Write again exactly the lines in the listing below, starting at the line with "Вакуумный клапан Toyota" and ending at the line with "Na noite deste", both included. Pictures are not copied.

• **Supplied material**:

::::::

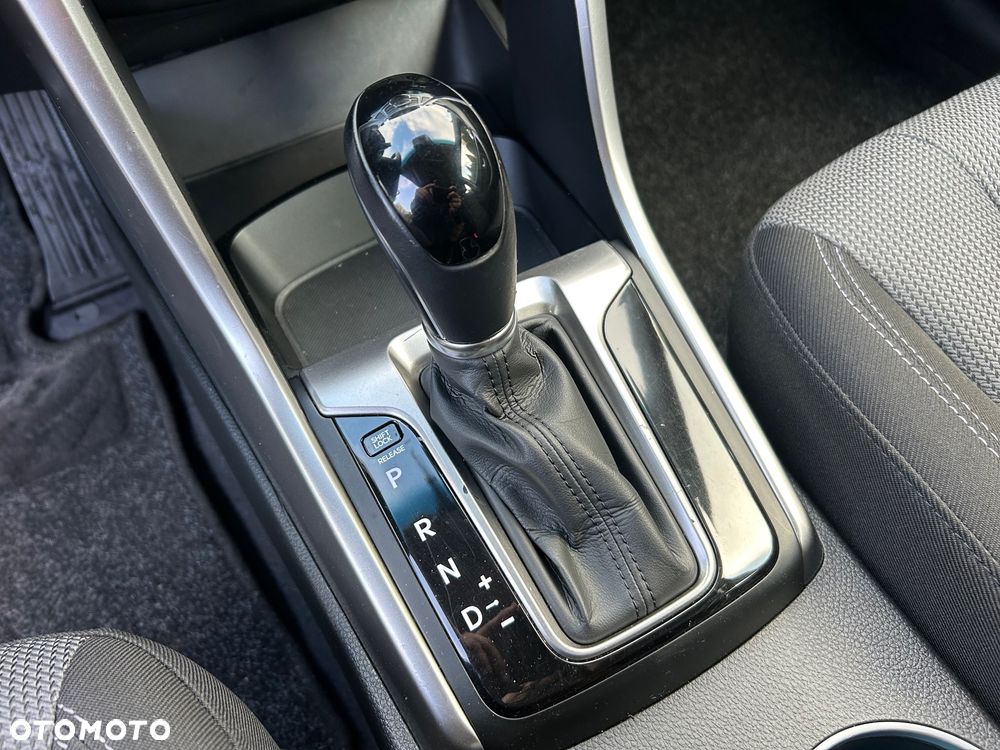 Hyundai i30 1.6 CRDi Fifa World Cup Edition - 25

::::::

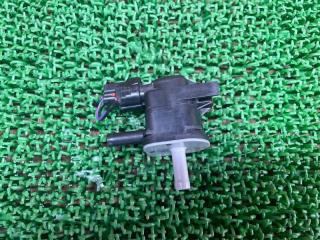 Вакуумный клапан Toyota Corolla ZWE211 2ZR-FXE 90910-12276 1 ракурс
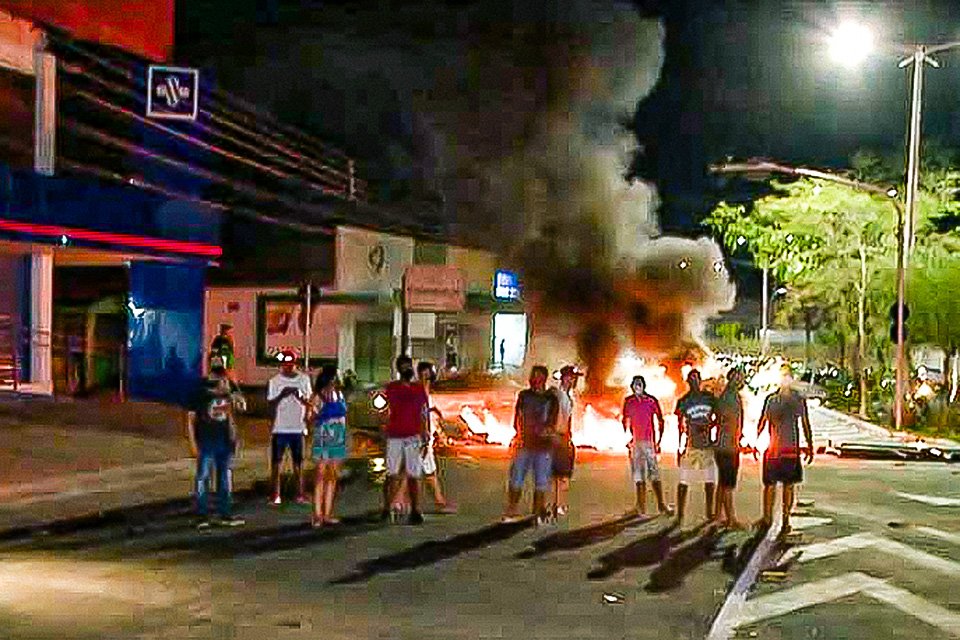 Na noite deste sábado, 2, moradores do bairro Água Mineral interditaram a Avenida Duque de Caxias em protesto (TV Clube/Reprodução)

::::::

• **Response to the task**:
 Вакуумный клапан Toyota Corolla ZWE211 2ZR-FXE 90910-12276 1 ракурс
 Na noite deste sábado, 2, moradores do bairro Água Mineral interditaram a Avenida Duque de Caxias em protesto (TV Clube/Reprodução)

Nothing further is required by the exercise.